Week 4 Flashcards
(53 cards)
“What is the general purpose of Monte Carlo methods discussed in the context of a target distribution π?”
To evaluate expectations of the form Eπ(f) = ∫ f(x)π(x)dx, especially when analytical evaluation is not possible.
“According to the Strong Law of Large Numbers (SLLN), how can Eπ(f) be approximated using i.i.d. samples X1, …, Xn from π?”
Eπ(f) ≈ (1/n) * Σ[i=1 to n] f(Xi) for large n.
“In the toy example, what is the target distribution π(x) and the function f(x)?”
π(x) is the standard normal density (1/√(2π)) * e^(-x²/2), and f(x) = x.
“What is the exact value of Eπ(x) when π is the standard normal distribution?”
Eπ(x) = 0.
“What R function is mentioned for sampling from a Normal distribution?”
rnorm(n, mean, sd)
“What R function is mentioned for computing the sample mean?”
mean(x)
“What does the graph on slide 5 illustrate?”
It shows the convergence of the running sample mean xbar(s) = (1/s) * Σ[i=1 to s] xi towards the true mean (0 in this example) as s increases, illustrating the SLLN.
“What are the two main problems mentioned that can prevent direct Monte Carlo simulation?”
- It’s not possible to sample directly from the target distribution π. 2. π is only known up to a normalizing constant.
“What is a potential solution mentioned for the problem of not being able to sample directly from π?”
Importance Sampling.
“What is a potential solution mentioned for both problems (cannot sample directly, unknown normalizing constant)?”
Markov Chain Monte Carlo (MCMC) Methods.
“In a typical Bayesian model setup, how are the data Y1, …, Yn related to the parameter θ?”

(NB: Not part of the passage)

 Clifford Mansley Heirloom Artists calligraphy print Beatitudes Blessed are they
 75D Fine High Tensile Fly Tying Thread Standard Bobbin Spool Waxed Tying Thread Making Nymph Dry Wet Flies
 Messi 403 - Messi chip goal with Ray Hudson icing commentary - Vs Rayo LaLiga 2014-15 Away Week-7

Conditionally independent and identically distributed given θ, following a distribution fθ: Y1, …, Yn | θ ~ iid fθ.
“How is the parameter θ itself modelled in a Bayesian setup?”

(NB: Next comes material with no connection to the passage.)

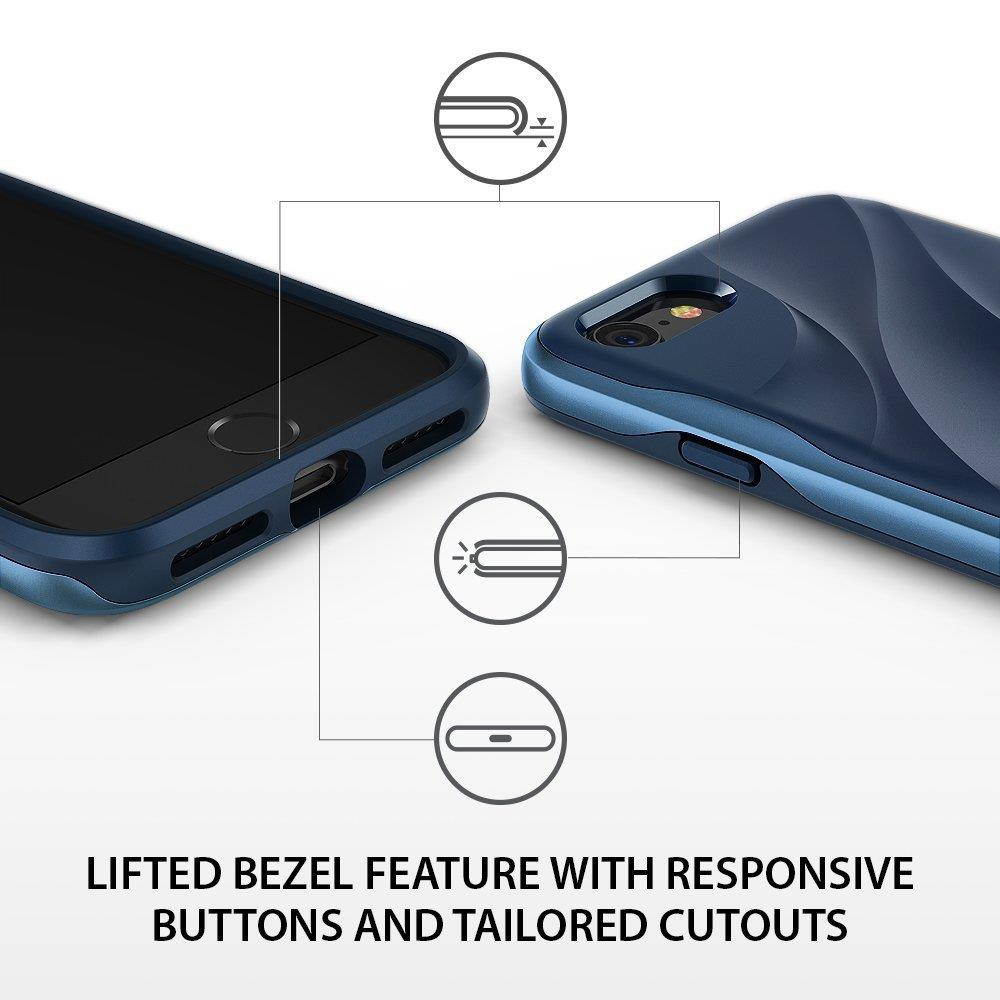 Apple iPhone 8 Case, Ringke [WAVE] Dual Layer Heavy Duty Shockproof PC TPU Protective Cover for iPhone 7 / iPhone 8 - Coastal Blue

It is treated as a random variable with a prior distribution π: θ ~ π.
“According to Bayes’ Theorem (proportional form), how is the posterior distribution π(θ|y) related to the likelihood and prior?”
Posterior Distribution ∝ Likelihood × Prior Distribution, specifically π(θ|y) ∝ [Π(i=1 to n) fθ(yi)] * π(θ).
“What is the core idea behind MCMC algorithms for approximating a target distribution π?”
To construct a Markov Chain whose stationary distribution is the target distribution π.
“How is the expectation Eπ(f) approximated using samples X1, …, Xn from a Markov Chain with stationary distribution π?”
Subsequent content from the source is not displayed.